GAA Football

Analysis File on 2019 All-Ireland Senior Football Championship: Tyrone v Cork

Tyrone's Peter Harte and Cork's Luke Connolly in action at Croke Park on Saturday. Picture by Philip Walsh.
Andy Watters and Francis Mooney

All-Ireland Senior Football Championship quarter-final, group two, phase two: Tyrone 2-15 Cork 2-12

Tactical Take


A familiar defensive system, complete with double sweeper, faced up to a hungry Cork side in the opening half, but Mickey Harte was forced to change tack after the wall was breached for two goals.

Mattie Donnelly and Peter Harte were pushed up in support of Cathal McShane in the second period as they went long and direct, with stunning rewards as they rocked the Rebels with 2-10.

Intensity levels were stepped up, and while concerns remain over defensive security, this was an attacking triumph, with the aforementioned trio scoring a combined total of 2-13.

With Frank Burns and Conor Meyler breaking the lines, the Red Hands were a much more potent force as they reverted to an approach that had served them well in the latter part of the League.


The beaten Munster finalists, encouraged by the problems they caused for Kerry and Dublin, adopted a high press right from the outset, leaving three men inside, and it troubled the Red Hands.

For the opening half, they worked the ball at close quarters, never carrying possession into the tackle, and waiting for the pockets of space to open up from which to execute scores, including two goals.

But they struggled to contain Tyrone’s hard running after the break, and were unable to maintain the shape and intensity that had helped them to a seven points lead.

Speed of thought came nowhere near to that of their opponents as the Ulster side seized control and exposed Cork’s defensive frailties.

Top score

Tyrone were trailing and desperately needed a way back into the game when Niall Sludden picked out Mattie Donnelly's run in the early stages of the second half. Donnelly gathered the ball and out-muscled and out-paced two defenders before off-loading it to Michael McKernan. In the third act of a flowing move, McKernan fisted the ball high across the goal where Cathal McShane was stationed and he met it with a two-fisted airborne strike the sent it whistling into the back of Cork's net. Tyrone never looked back.

Key Battle

Mattie Donnelly (Cork) v Kevin Flahive (Cork)

DONNELLY'S move up to a two-man full-forward line was the catalyst for Tyrone's recovery. Flahive was assigned to mark him but, even with help from Stephen Cronin, he could not handle his pace or his power. Donnelly shrugged him off in the build-up to Cathal McShane's goal and Flahive fouls yielded two more pointed frees. Donnelly also scored three points from play to complete a virtuoso second half display that saw Tyrone reach the All-Ireland semi-finals.

Ref Watch

Maurice Deegan (Laois)

DEEGAN had been criticised for his time-keeping in the Mayo-Armagh Qualifier but there was no such controversy yesterday.

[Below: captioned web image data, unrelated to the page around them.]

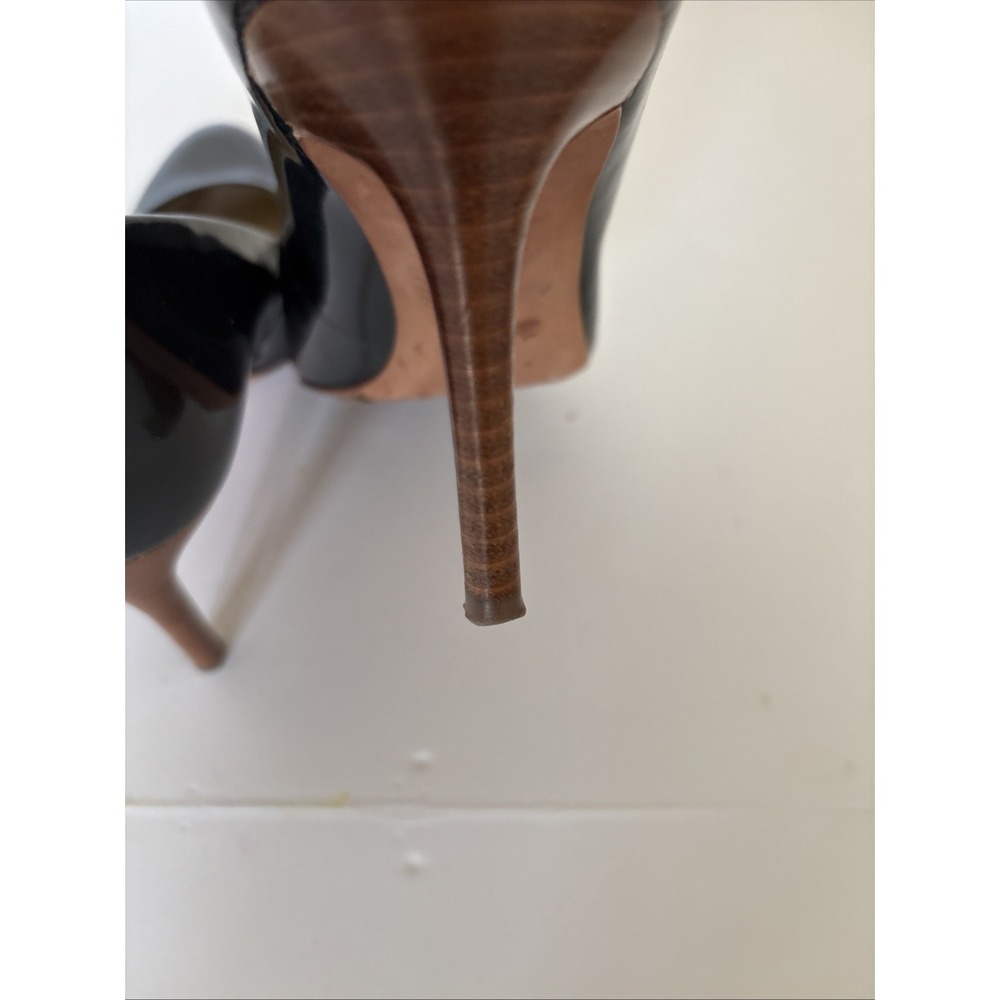 Coach New York Rosey Women's Pumps Size 9 B Navy Black Heels Patent Leather - Picture 4 of 10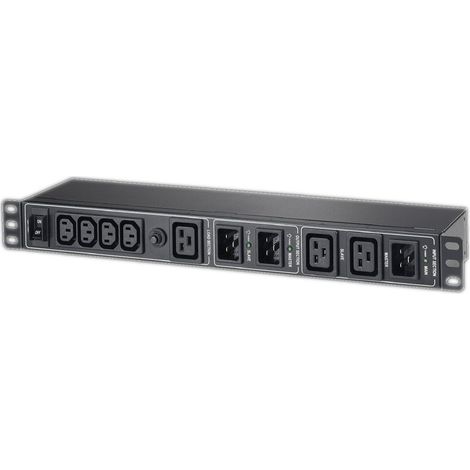 Sistema ridondante professionale Techly per UPS da 3-4 KVA in rack da 19" 1U (1/2)
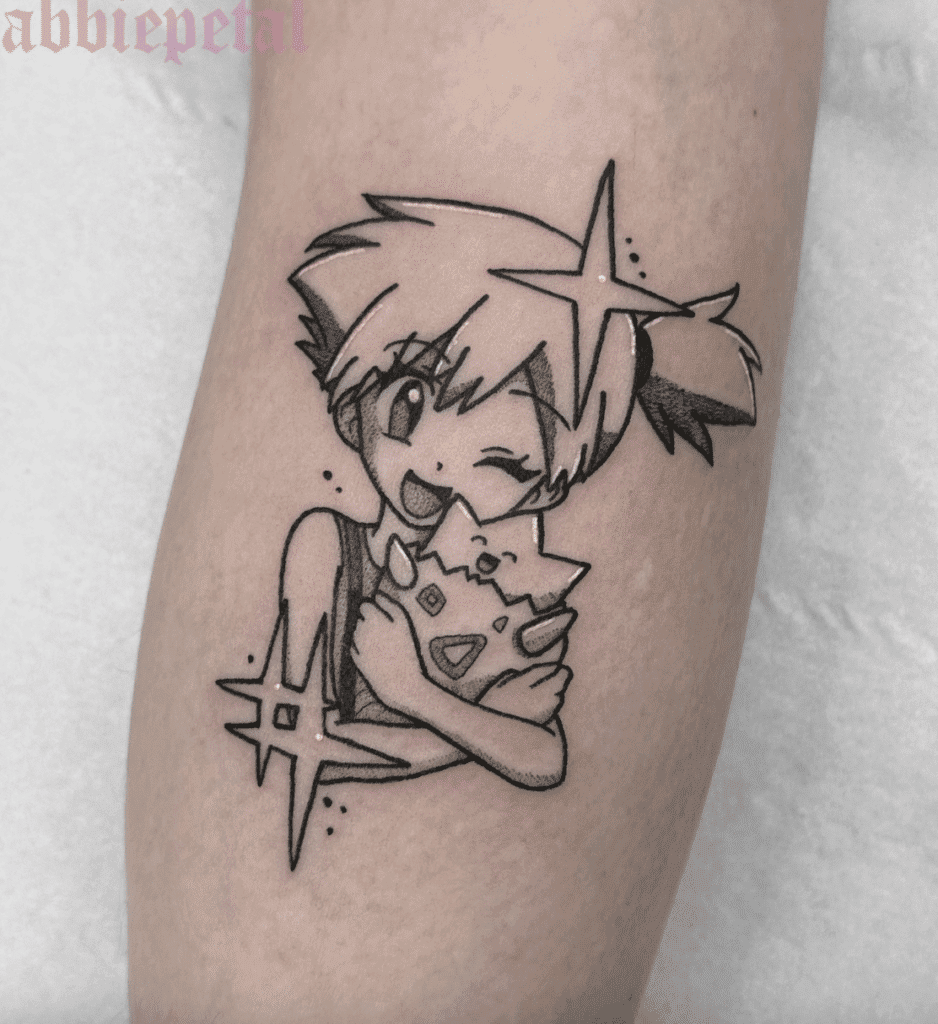 Pokémon Misty Anime Tattoo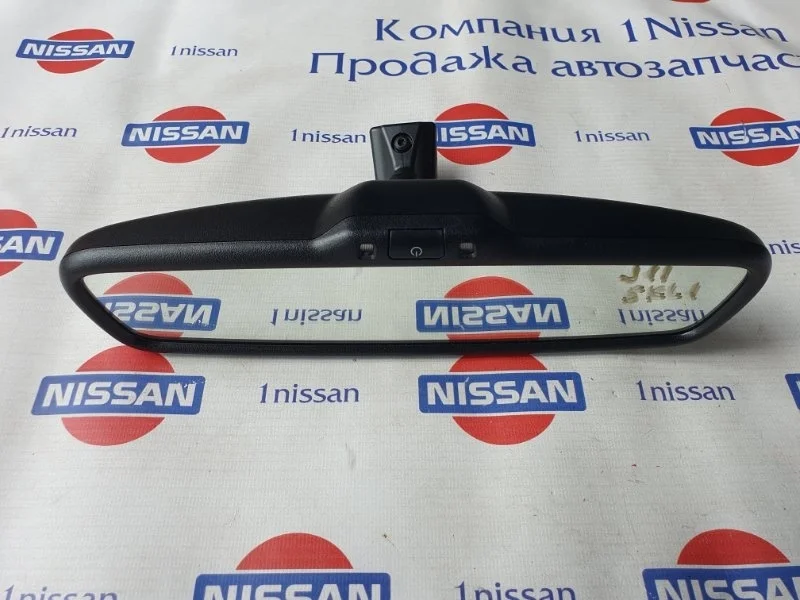 Зеркало заднего вида салонное Nissan Qashqai 2016 96321ZH30A J11 R9M, переднее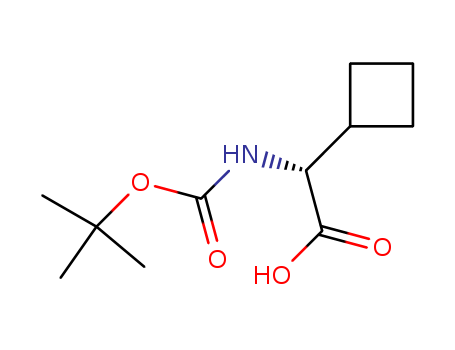 Cyclobutaneacetic acid, α-[[（1,1-dimethylethoxy)carbonyl]amino]-, （R)- （9CI)[155905-78-5]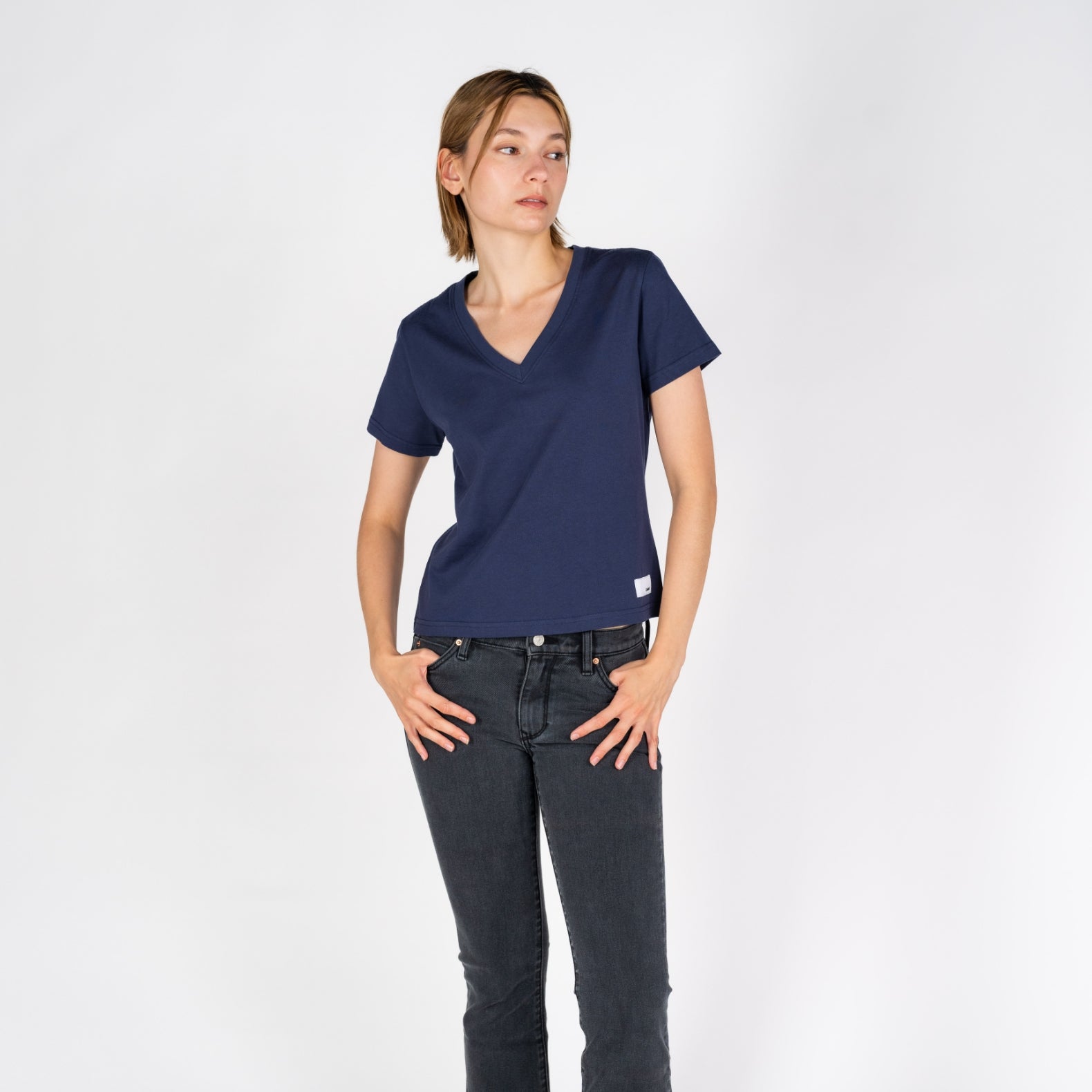 Cali V-Neck | Vintage Indigo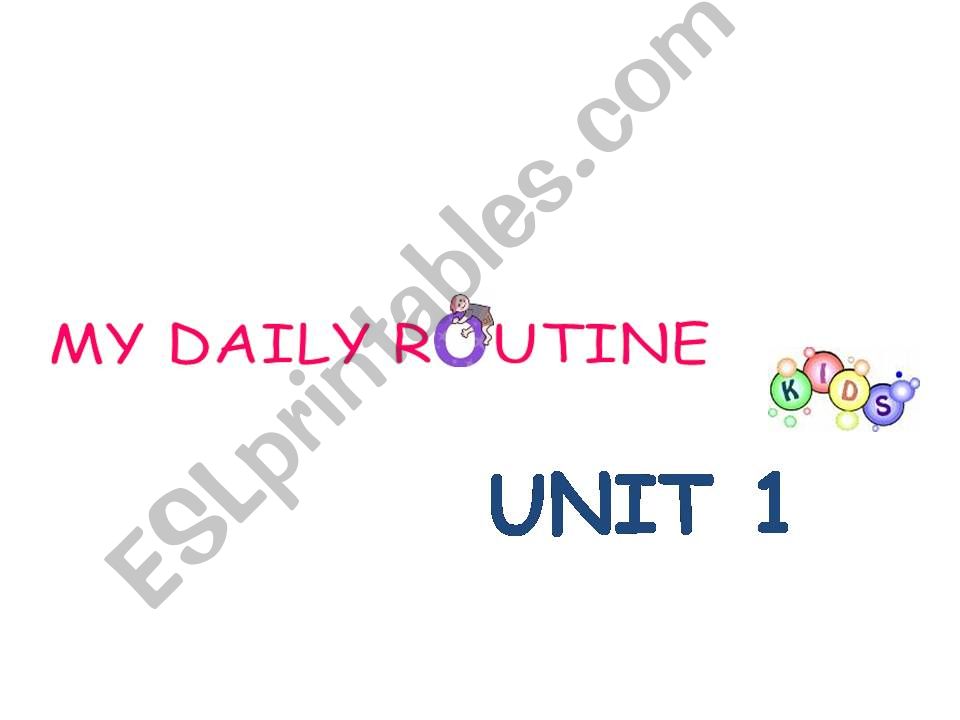 DAILY ROUTINES powerpoint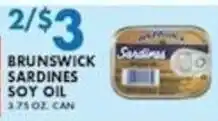 Compare Foods Brunswick sardines soy oil offer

One incident is worth reviewing though and it came in the second half. Deegan allowed advantage after a foul on Mattie Donnelly outside the square when Donnelly rode the tackle and stayed on his feet. But he was then fouled again inside the square as he attempted to shoot and Deegan called play back for the original free. Was that justice for the attacking team?

Turning Point

The turning point was reached beneath the Cusack Stand at half-time, when Mickey Harte briefed his players on a shift in strategy, the most significant aspect of which was Mattie Donnelly’s move to the inside line of attack.

Captain Fantastic led the line and his team with authority as they changed the narrative with a more direct approach, and goals from Cathal McShane and Peter Harte were a direct result of this as the Red Hands put a disastrous opening half behind them.